#### Extracted material ####

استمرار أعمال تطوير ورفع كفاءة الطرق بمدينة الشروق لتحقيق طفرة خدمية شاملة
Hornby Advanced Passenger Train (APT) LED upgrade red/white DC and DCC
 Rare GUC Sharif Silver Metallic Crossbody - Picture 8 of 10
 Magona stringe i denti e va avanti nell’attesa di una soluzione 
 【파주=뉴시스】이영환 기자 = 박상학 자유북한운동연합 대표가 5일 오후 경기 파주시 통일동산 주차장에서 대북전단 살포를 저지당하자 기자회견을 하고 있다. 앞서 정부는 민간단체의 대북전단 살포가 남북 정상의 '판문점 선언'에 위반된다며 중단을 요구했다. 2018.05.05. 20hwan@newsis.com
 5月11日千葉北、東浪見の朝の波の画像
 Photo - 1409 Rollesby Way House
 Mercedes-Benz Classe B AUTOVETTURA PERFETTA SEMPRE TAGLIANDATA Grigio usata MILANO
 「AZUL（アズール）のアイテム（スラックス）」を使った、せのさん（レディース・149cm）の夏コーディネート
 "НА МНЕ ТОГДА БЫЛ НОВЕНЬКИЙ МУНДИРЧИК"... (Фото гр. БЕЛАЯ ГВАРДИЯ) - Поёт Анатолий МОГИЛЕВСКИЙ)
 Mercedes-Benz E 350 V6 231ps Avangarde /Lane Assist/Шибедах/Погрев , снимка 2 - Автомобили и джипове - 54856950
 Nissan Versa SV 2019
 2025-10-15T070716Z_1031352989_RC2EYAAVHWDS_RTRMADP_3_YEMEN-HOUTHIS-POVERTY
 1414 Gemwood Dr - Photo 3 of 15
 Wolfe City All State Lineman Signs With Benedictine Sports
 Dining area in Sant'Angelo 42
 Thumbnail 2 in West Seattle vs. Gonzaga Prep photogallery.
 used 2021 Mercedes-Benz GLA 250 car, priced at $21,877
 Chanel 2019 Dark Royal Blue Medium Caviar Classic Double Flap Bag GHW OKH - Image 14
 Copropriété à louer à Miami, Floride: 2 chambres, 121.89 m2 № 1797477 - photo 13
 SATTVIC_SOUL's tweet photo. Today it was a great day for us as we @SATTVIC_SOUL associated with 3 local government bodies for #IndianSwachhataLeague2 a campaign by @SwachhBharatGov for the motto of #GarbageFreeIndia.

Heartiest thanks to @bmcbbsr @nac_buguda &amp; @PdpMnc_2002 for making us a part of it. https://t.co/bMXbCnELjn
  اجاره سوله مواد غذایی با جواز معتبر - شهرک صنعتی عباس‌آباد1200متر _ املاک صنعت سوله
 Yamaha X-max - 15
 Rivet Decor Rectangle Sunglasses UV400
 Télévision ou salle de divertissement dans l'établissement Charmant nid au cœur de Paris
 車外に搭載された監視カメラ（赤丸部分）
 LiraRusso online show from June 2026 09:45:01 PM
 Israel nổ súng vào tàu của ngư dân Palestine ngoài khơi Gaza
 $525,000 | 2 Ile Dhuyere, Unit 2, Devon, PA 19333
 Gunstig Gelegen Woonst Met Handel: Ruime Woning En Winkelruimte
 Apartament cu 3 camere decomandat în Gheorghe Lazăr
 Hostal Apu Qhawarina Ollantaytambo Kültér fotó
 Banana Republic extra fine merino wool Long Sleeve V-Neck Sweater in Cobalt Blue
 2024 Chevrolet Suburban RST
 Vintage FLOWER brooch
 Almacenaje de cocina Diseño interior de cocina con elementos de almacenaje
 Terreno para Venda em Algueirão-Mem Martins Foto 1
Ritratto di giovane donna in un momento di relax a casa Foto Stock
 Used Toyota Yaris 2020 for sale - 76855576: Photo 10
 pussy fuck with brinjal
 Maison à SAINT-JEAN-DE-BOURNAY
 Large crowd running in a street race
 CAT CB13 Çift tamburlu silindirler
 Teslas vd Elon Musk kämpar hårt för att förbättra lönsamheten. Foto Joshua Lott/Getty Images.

####

▶ **Exercise details**:
All that should appear in the response is the run of lines from the first line of the entries through the line containing "Magona stringe i", copied exactly.

▶ **Worked solution**:
استمرار أعمال تطوير ورفع كفاءة الطرق بمدينة الشروق لتحقيق طفرة خدمية شاملة
Hornby Advanced Passenger Train (APT) LED upgrade red/white DC and DCC
 Rare GUC Sharif Silver Metallic Crossbody - Picture 8 of 10
 Magona stringe i denti e va avanti nell’attesa di una soluzione 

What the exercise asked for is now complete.